American poet and performance artist

Hawona Sullivan Janzen is an American writer, poet, and performance artist based in Minnesota. Her work explores the nature of love, loss, grief, and hope. She was born in Shreveport, Louisiana

==Career==
Sullivan Janzen's poetry has been read on National Public Radio. She sings improvisational jazz with the Sonoglyph Collective.

She is a consultant for Forecast Public Art and the Hennepin Theatre Trust, as well as the gallery coordinator for the Urban Research and Outreach Engagement Center at the University of Minnesota. She is the coordinator for the Literary Witnesses poetry reading series.

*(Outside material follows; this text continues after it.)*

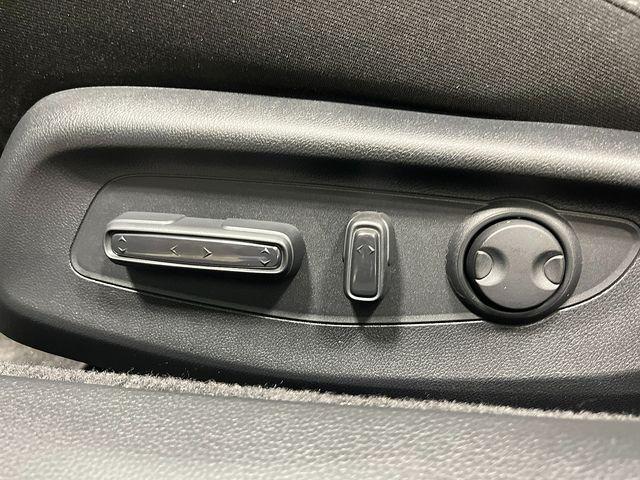 new 2026 Honda Accord car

In 2017, she participated in Poetry of Resistance and Change, where her work was featured in large scale on the side of public buildings. The project, organized by Monica Sheets Larson under the moniker Sister Black Press, featured an installation of hundreds of letterpress printed cards and broadsides featuring poetry from Junauda Petrus and others. The poetry was displayed outside the Soap Factory for three weeks in 2017, and a public event was held that started with an artist-led bike ride, featured poetry readings, and was printed live using a mobile bicycle printing press.

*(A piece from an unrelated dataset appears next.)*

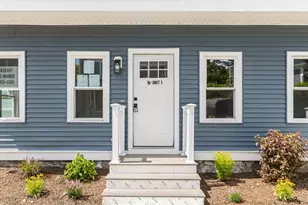 16 Hillside St, Maynard, MA 01754 - Photo 1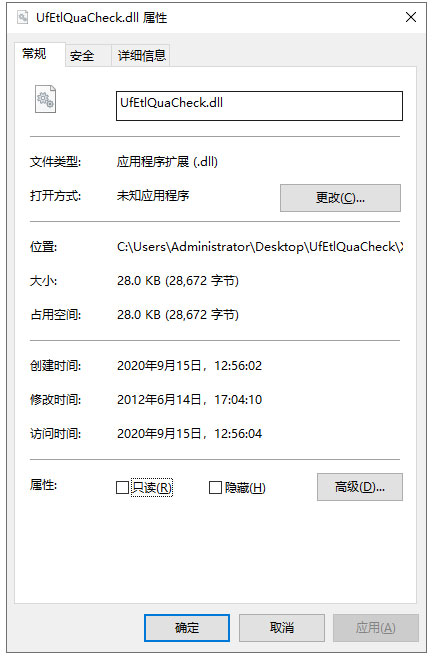202209171721422528610001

In 2019, she was a Naked Stages Fellow and put on a performance art piece titled Hydro’s Phobia. In 2020, she and Kathy McTavish created a 638-hour-long performance piece titled A Coming Together: A Performance for Our Time.

=== Rondo Family Reunion ===
In 2016, Sullivan Janzen, alongside Minnesota poet Clarence White and photographer Chris Scott, partnered with Springboard for the Arts to create the public art project Rondo Family Reunion. This project revolved around the Rondo neighborhood of St. Paul, which was a thriving Black community from the 1930s until it was torn apart by the construction of Interstate 94 in 1955. The highway displaced hundreds of residents and businesses; one in every eight African Americans in St. Paul lost a home to the construction. The three artists met with community elders to document their stories and displayed lawn signs over the neighborhood with photography and poetry telling the stories of the Rondo diaspora. The project received funding from the McKnight Foundation and the Minnesota Arts and Cultural Heritage Fund.

After the shooting of Philando Castile during a traffic stop in 2016, Sullivan Janzen found herself wondering "Why is it that the only time the media comes to talk about us is when we are suffering from grief and experiencing loss?" Rondo Family Reunion came out of a need to lift up joyous and everyday stories of the community rather than focusing on the loss.